• **DATA RECORDS**
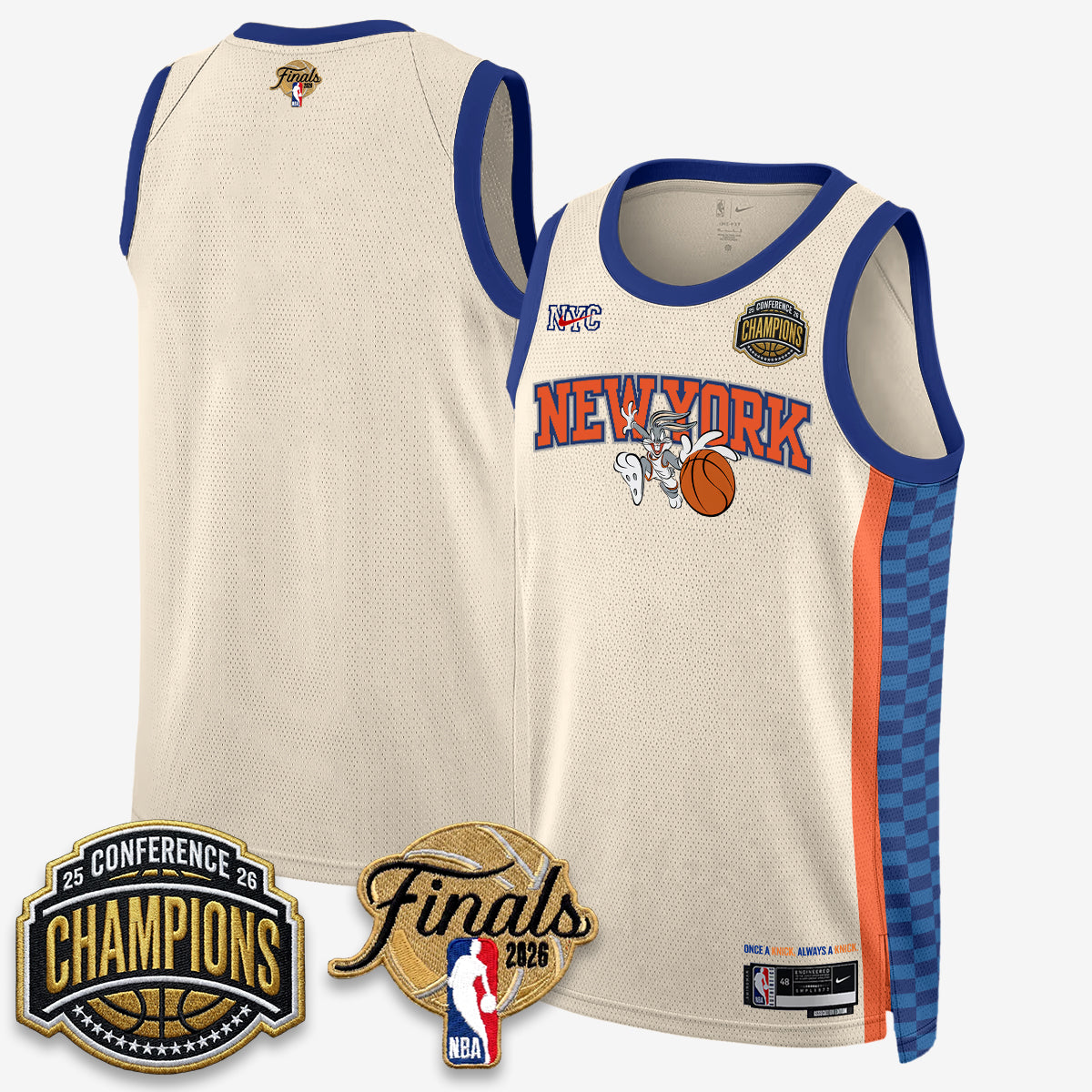 New York Knicks 2026 NBA Eastern Conference Champions x Looney Tunes Vapor Jersey V2- Stitched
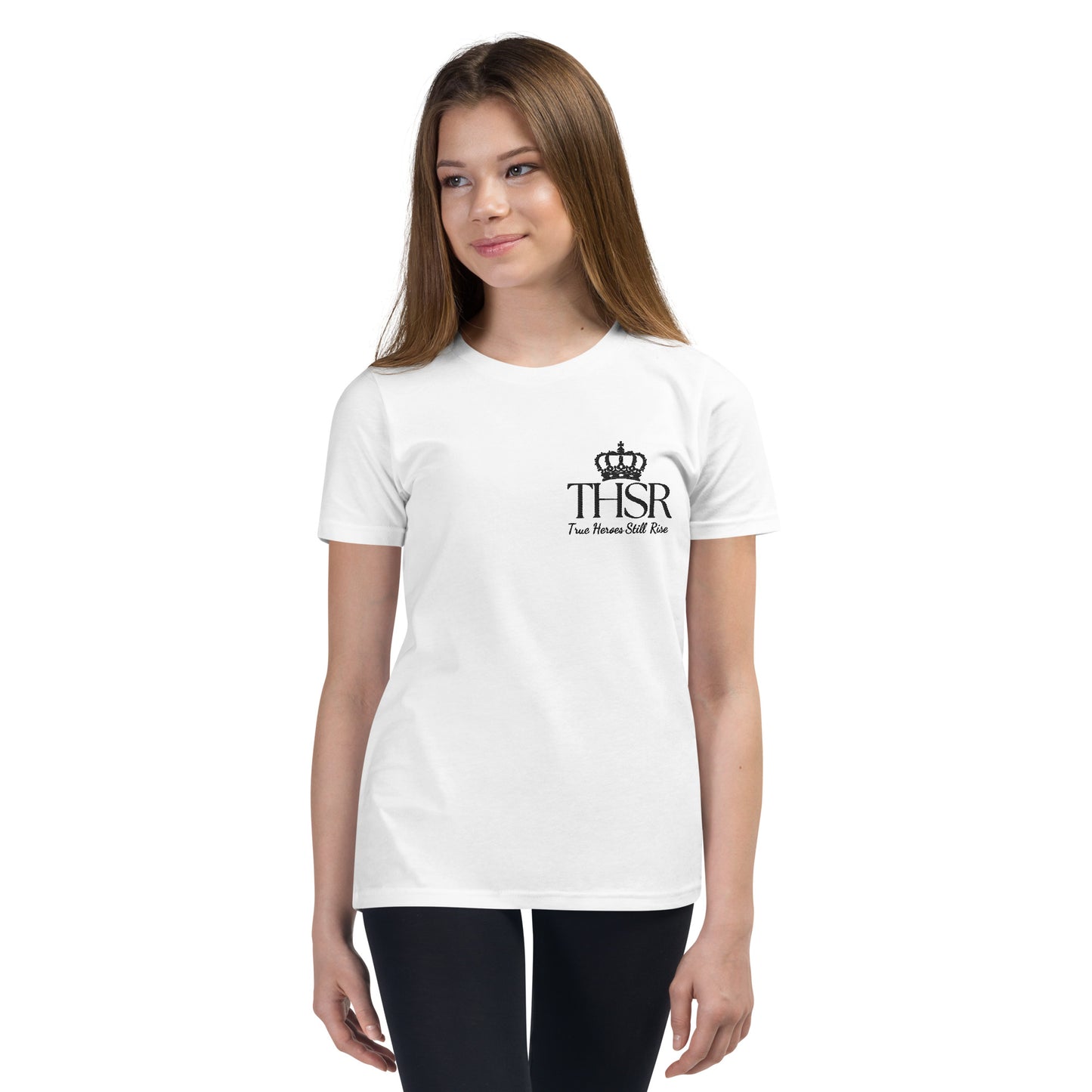 THSR Youth T-Shirt with Left-Chest Logo – White T-shirt Featuring Black "THSR True Heroes Still Rise" under a crown Design for Kids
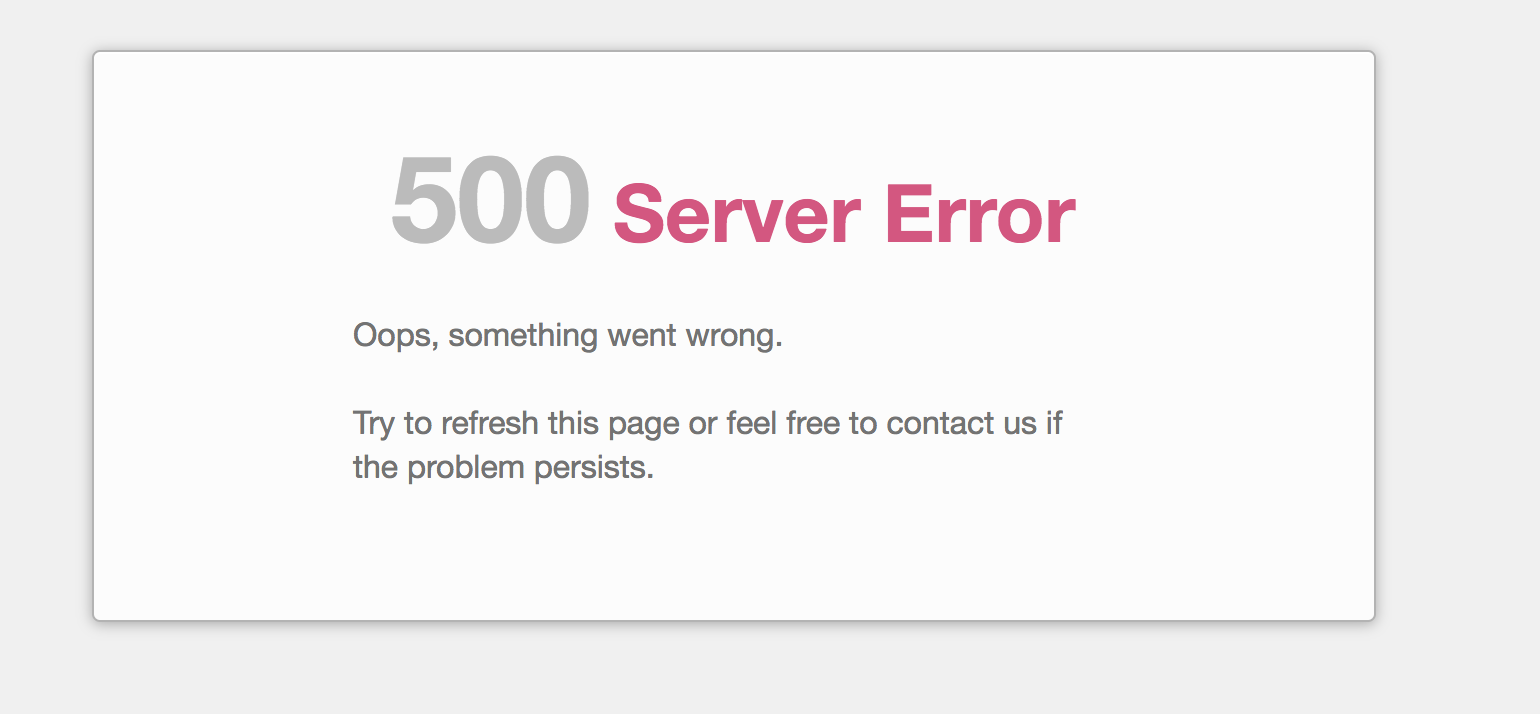 500 Server error page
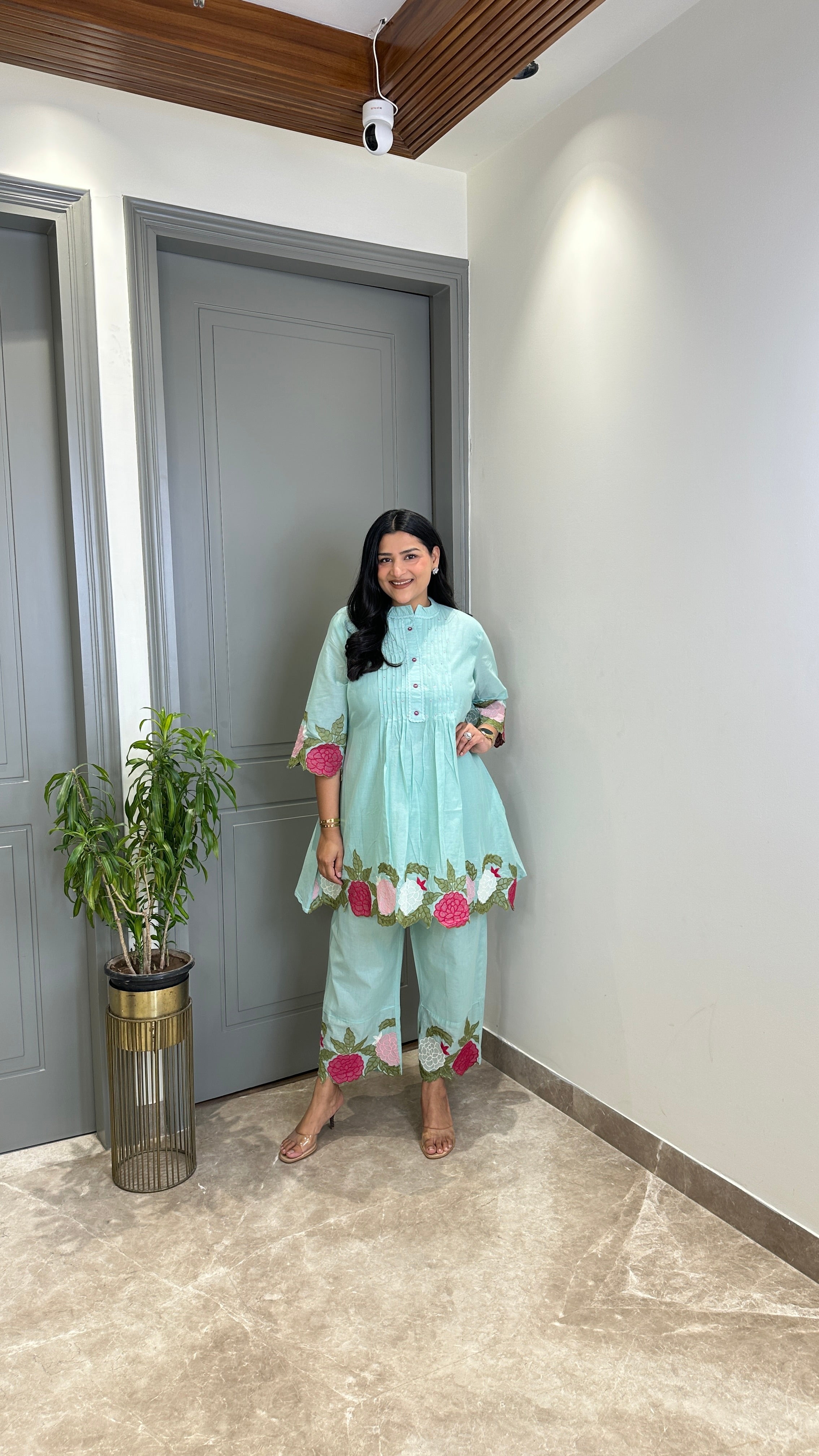 Powder Blue Floral Mul Cord Set shrisa.in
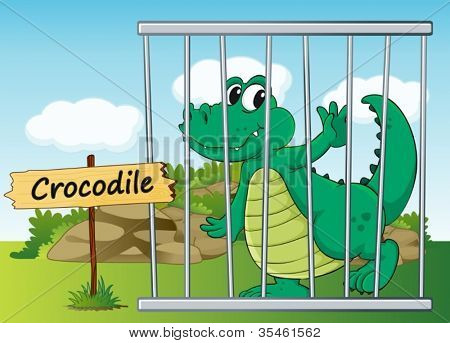 Abbildung eines Krokodils im Käfig und Holzbrett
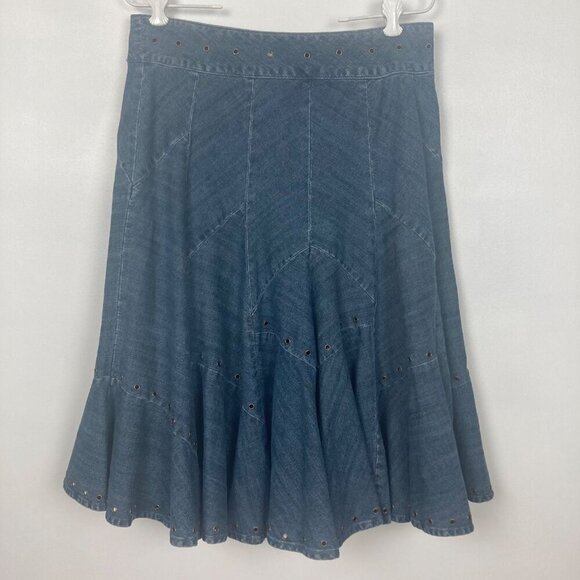 Vintage Y2K Tasha Polizzi Grommet Denim Skirt Womens 4 Flared Cotton 32in Waist - Picture 1 of 8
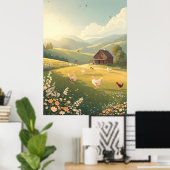 Rustic Countryside Cabin with Wildflowers  Poster (Thuiskantoor)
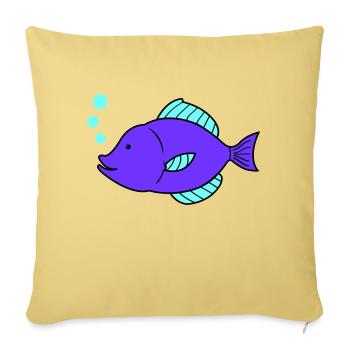 fisch comic - Sofakissenbezug 45 x 45 cm - Hellgelb - Vorne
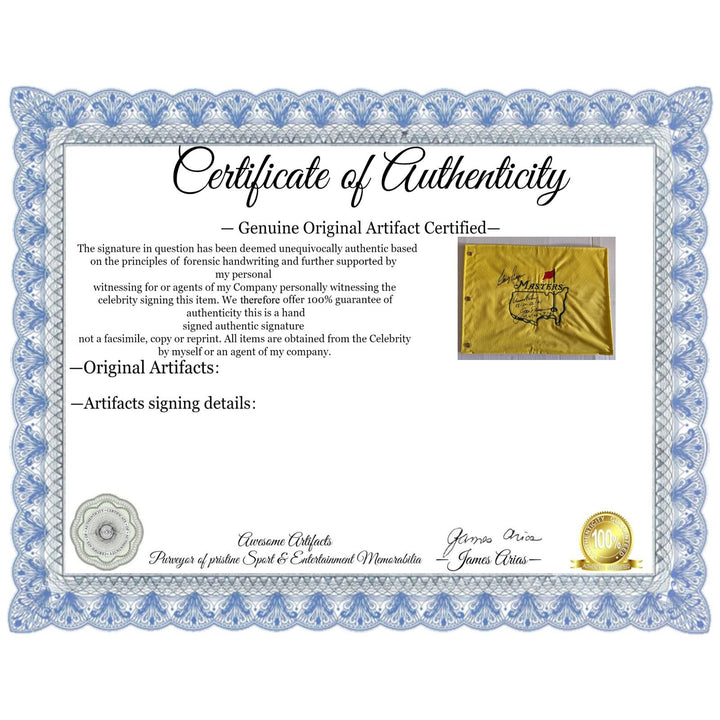 Arnold Palmer Jack Nicklaus Gary Player Masters golf tournament embroidered golf pin flag signed with proof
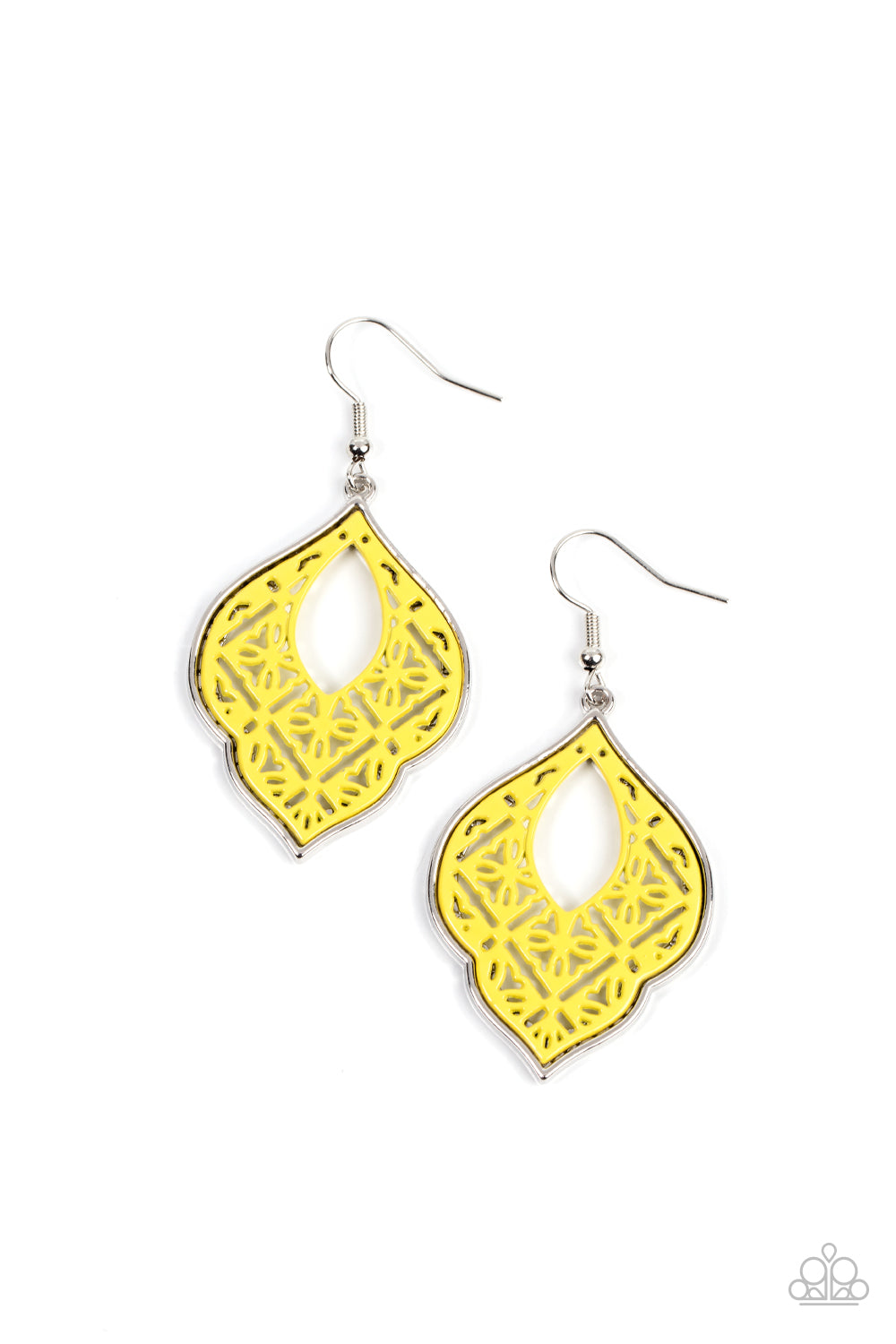 Thessaly Terrace - Yellow Tile Floral Earring Paparazzi E1649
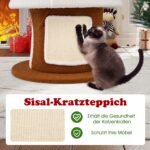 Katėms skirta draskyklė-namelis su keturiais aukštais kalėdinė (Žalia ir balta) – Paveikslėlis 5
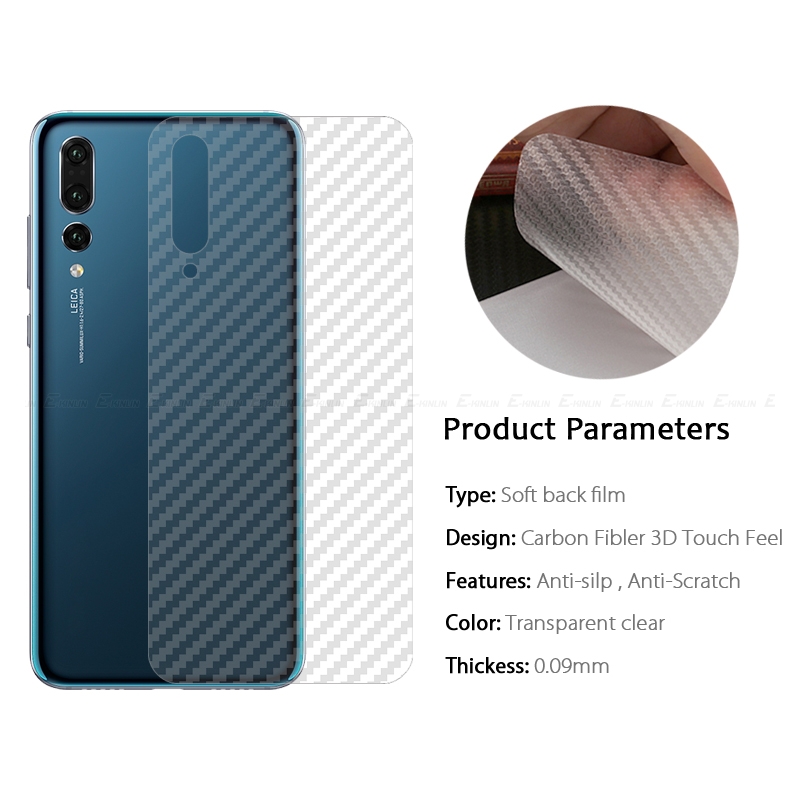 ฟิล์มกันรอยด้านหลัง Huawei P20 / พร้อมส่ง * 3D คาร์บอนไฟเบอร์ปกหลังฟิล์มป้องกันลื่น *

• **DESCRIPTION OF THE TASK**
Your task is to reproduce exactly the lines running from the line that contains "Thessaly Terrace - Yellow" to the end of the records, pictures excluded.

• **TASK OUTPUT**
 Thessaly Terrace - Yellow Tile Floral Earring Paparazzi E1649
 Katėms skirta draskyklė-namelis su keturiais aukštais kalėdinė (Žalia ir balta) – Paveikslėlis 5
 ฟิล์มกันรอยด้านหลัง Huawei P20 / พร้อมส่ง * 3D คาร์บอนไฟเบอร์ปกหลังฟิล์มป้องกันลื่น *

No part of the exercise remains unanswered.